Pamela Okende, a 27-year-old payment protection insurance caseworker at the Financial Services Ombudsman’s office, is aiming to raise more than £12,000 from strangers so she can take a place on the Bar Professional Training Course (BPTC).
The mother of three launched a crowdfunding site about 10 days ago. She has raised more than £400 so far, but remains a long way shy of the required total.
Okende has a place at City University Law School in London — along with a £5,000 scholarship from the institution — to do the BPTC. She graduated with a first-class honours degree in law from London Metropolitan University three years ago and has been working for the ombudsman since 2013.
Even to have reached this far down the road to a legal qualification is an impressive feat for Okende. Her family left the central African country of the Democratic Republic of Congo in the early-1990s and sought asylum in the UK.
Raised in east London, Okende attended a local state secondary school, where her interest in law was first piqued during GCSE studies.
Despite being a stellar law student at university, her lecturers initially advised against pursuing a career as a barrister.
Initially I thought about qualifying as a solicitor,” Okende told Legal Cheek yesterday, “because at university the clear message was that the bar was not for women from my type of background. One lecturer specifically discouraged me from thinking about a career as a barrister, saying: ‘You will not see many people that look like you at the bar.’
But a stint with the charity the Free Representation Unit rekindled Okende’s interest in the bar. And last June she did a mini-pupillage at Lamb Chambers in the Temple; she has also done some marshalling at Blackfriars Crown Court.
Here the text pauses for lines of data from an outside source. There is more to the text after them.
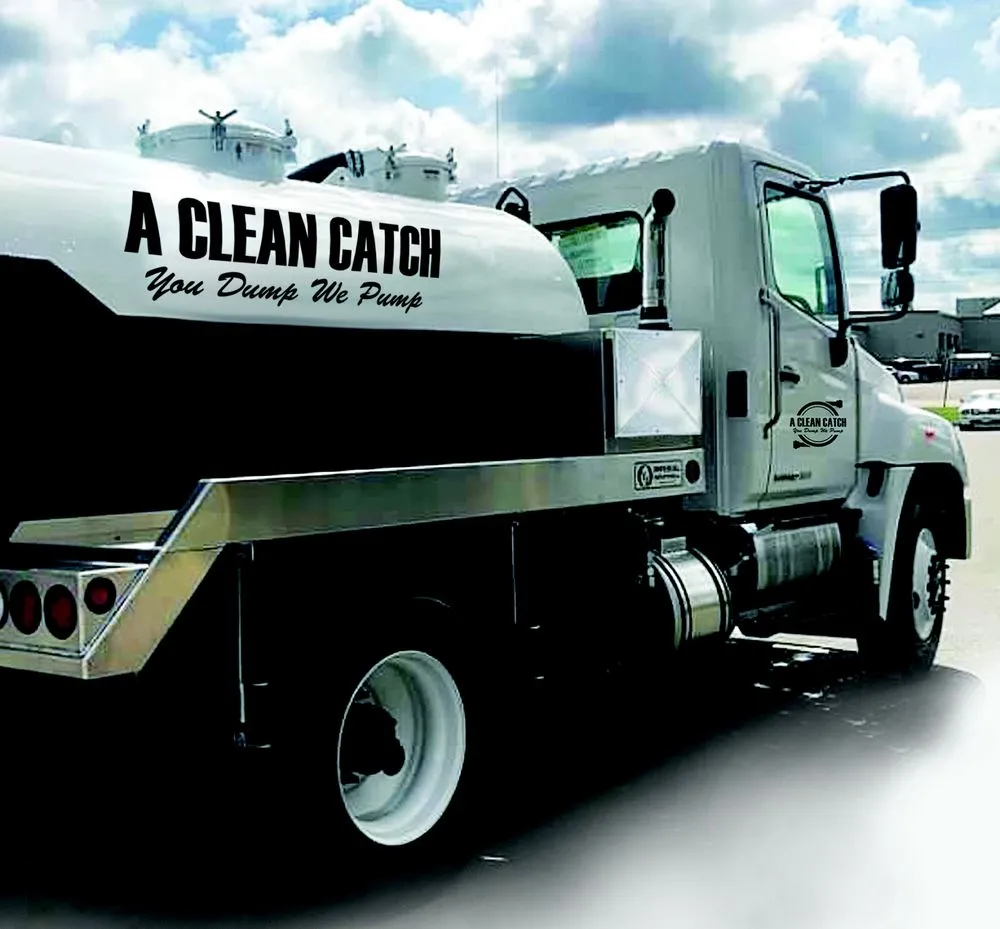 Slide of A Clean Catch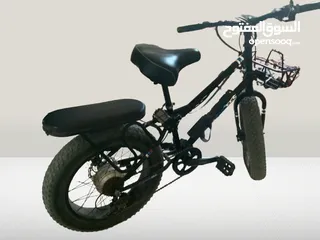  1 Electric bike used for 1 to 2 years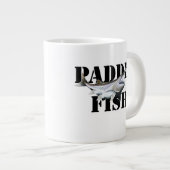 Padlevis Grote Koffiekop (Voorkant rechts)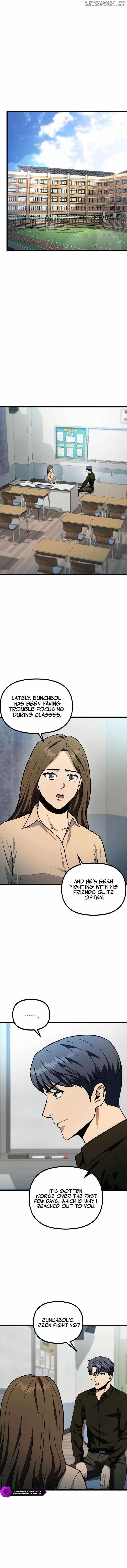 Get Some Honey by Copying Skills Chapter 22 - Page 12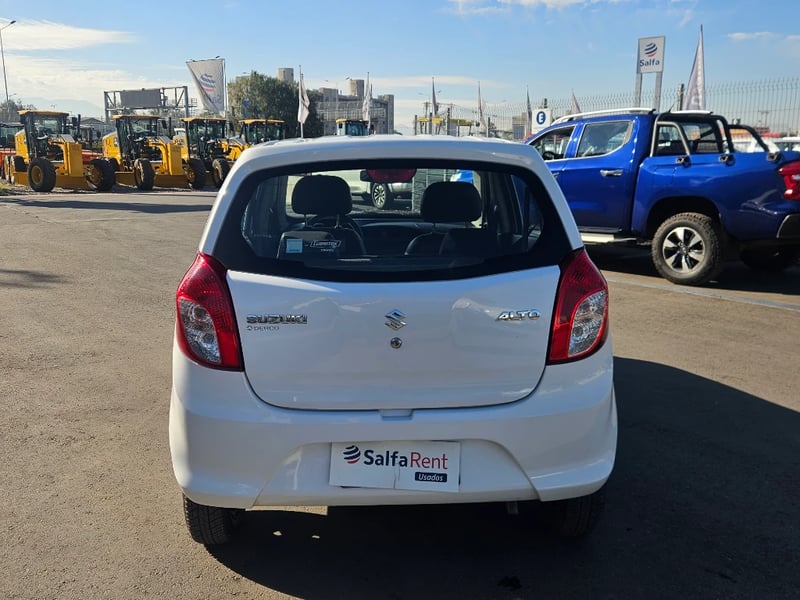Suzuki Alto 2022 - Imagen 6 de 20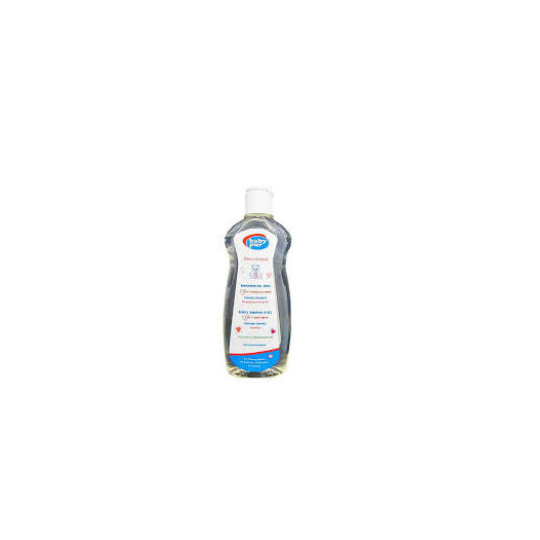 BABY PUR SHAMPOING GEL DOUX BEBE ENFANT CHEVEUX ET CORPS 200ML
Okende now has about a month to raise the best part of £12,000. If she does so, Okende says that her heart lies with social welfare practice areas such as housing and immigration. However, she points out that during her law degree she was very strong in contract and general commercial subjects as well.
On the crowdfunding site, Okende says:
As a woman of refugee background and a mother of three children — I am passionate to ensure that the fundamental principles of law are upheld. In whichever legal area I practice, I am determined that its principles — that none is above it, and the well-being of citizens are paramount — will be maintained.
Punters pledging £500 to her cause will be invited to Okende’s graduation party. While those contributing £1,000 or more will also get a front-row seat at her call ceremony.
Okende will be hoping her funding effort is as successful as that of Rachael Owhin. Last September, the Sussex University law graduate raised £10,000 online to partially fund a place at Oxford University to do a masters in migration studies.